US 11,887,616 B2
	Audio processing
Sujeet Shyamsundar Mate, Tampere (FI); Jussi Artturi Leppänen, Tampere (FI); Miikka Tapani Vilermo, Siuro (FI); and Arto Lehtiniemi, Lempäälä (FI)
Assigned to Nokia Technologies Oy, Espoo (FI)
Appl. No. 17/418,652
Filed by Nokia Technologies Oy, Espoo (FI)
PCT Filed Jan. 7, 2020, PCT No. PCT/EP2020/050182 § 371(c)(1), (2) Date Jun. 25, 2021, PCT Pub. No. WO2020/148109, PCT Pub. Date Jul. 23, 2020.
Claims priority of application No. 19151807 (EP), filed on Jan. 15, 2019.
Prior Publication US 2022/0068290 A1, Mar. 3, 2022
Int. Cl. G10L 21/0208 (2013.01); H04N 21/485 (2011.01); H04N 21/81 (2011.01); G10L 19/012 (2013.01)

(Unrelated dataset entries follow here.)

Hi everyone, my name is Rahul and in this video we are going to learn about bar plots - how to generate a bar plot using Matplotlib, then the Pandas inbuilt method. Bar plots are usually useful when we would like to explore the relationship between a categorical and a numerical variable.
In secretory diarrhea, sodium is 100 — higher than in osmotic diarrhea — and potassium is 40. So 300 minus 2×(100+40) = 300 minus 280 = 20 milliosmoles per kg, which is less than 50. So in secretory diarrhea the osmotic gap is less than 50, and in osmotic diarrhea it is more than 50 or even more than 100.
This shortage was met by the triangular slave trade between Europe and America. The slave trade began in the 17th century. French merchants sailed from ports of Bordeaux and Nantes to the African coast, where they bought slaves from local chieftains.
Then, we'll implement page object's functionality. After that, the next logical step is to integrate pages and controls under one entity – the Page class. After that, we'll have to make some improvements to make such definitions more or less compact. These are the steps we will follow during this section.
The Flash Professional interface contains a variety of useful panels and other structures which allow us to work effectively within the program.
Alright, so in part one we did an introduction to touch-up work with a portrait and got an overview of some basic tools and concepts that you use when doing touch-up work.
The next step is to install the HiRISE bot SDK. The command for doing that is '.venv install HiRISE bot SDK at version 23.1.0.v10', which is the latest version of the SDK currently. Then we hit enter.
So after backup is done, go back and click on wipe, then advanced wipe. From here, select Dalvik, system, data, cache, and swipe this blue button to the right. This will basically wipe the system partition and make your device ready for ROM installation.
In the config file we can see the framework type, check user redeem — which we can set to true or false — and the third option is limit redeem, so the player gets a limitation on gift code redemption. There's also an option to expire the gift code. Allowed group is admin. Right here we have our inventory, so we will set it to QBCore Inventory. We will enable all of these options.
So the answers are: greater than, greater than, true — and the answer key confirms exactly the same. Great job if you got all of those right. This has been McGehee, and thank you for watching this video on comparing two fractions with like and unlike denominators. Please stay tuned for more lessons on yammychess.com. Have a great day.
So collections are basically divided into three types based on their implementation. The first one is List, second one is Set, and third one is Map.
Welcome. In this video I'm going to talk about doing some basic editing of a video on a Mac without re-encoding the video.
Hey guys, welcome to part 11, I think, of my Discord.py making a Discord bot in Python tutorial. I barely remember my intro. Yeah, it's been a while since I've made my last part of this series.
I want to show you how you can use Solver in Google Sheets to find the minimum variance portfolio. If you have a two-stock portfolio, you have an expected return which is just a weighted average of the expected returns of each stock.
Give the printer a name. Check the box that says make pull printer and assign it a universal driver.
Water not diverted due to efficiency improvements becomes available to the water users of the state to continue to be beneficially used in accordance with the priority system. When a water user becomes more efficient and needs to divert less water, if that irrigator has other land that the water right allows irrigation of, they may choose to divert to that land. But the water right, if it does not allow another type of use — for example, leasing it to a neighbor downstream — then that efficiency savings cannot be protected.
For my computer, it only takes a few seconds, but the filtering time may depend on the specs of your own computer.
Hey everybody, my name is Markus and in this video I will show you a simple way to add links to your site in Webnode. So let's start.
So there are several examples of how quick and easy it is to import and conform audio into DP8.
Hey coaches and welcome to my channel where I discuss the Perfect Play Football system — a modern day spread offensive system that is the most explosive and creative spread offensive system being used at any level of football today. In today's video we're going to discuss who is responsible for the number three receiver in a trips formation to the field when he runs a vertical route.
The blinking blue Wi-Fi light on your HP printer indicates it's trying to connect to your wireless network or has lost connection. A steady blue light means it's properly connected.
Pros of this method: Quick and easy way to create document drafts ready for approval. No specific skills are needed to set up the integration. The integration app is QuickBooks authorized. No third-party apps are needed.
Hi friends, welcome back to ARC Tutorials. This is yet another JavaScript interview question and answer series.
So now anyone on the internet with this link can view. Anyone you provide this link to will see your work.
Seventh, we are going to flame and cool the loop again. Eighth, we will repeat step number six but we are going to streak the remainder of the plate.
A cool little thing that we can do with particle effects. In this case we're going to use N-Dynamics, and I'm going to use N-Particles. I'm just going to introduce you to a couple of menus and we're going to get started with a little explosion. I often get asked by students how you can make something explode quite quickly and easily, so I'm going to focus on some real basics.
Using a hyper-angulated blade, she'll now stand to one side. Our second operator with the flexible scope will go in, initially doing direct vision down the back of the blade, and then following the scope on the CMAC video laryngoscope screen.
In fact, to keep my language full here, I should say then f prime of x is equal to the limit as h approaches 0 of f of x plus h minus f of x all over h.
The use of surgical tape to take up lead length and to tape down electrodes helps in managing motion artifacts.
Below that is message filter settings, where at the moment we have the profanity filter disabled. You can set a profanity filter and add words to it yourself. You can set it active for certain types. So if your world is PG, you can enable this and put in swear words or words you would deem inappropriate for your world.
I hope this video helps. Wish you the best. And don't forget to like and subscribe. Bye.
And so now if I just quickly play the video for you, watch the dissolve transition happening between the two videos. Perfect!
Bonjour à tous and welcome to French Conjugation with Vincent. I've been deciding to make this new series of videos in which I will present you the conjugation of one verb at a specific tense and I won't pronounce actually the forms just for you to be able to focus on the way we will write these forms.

CPC G10L 21/0208 (2013.01) [H04N 21/4852 (2013.01); H04N 21/8106 (2013.01)]

17 Claims

1. An apparatus comprising:

at least one processor; and

at least one non-transitory memory including computer program code, the at least one memory and the computer program code configured to, with the at least one processor, cause the apparatus to at least the following:

receive multimedia data representing a scene, the multimedia data comprising at least audio data representing an audio component of the scene;

determine at least one location of unwanted sound in the scene, wherein the at least one determined location comprises one or more spatial locations in the scene where the unwanted sound is present;

perform first audio processing to remove at least part of the unwanted sound from the at least one determined location;

perform second audio processing to add artificial sound associated to the unwanted sound at or proximate the at least one determined location;

identify one or more regions of interest based on object classification; and

determine whether the at least one determined location of unwanted sound corresponds with the one or more regions of interest, wherein a correspondence between the at least one determined location of unwanted sound and the one or more regions of interest affects:

an amount of the unwanted sound removed via the first audio processing, and

an amount of the artificial sound added via the second audio processing.